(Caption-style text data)

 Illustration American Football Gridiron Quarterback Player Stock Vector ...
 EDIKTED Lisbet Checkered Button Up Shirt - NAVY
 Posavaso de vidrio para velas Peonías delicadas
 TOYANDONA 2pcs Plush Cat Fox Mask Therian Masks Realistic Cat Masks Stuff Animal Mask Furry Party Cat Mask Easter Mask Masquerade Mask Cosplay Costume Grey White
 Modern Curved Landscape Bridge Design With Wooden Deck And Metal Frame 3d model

DIRECTIONS FOR THIS TASK:
Every entry should be printed again exactly as written.

RESULT FOR THIS EXERCISE:
 Illustration American Football Gridiron Quarterback Player Stock Vector ...
 EDIKTED Lisbet Checkered Button Up Shirt - NAVY
 Posavaso de vidrio para velas Peonías delicadas
 TOYANDONA 2pcs Plush Cat Fox Mask Therian Masks Realistic Cat Masks Stuff Animal Mask Furry Party Cat Mask Easter Mask Masquerade Mask Cosplay Costume Grey White
 Modern Curved Landscape Bridge Design With Wooden Deck And Metal Frame 3d model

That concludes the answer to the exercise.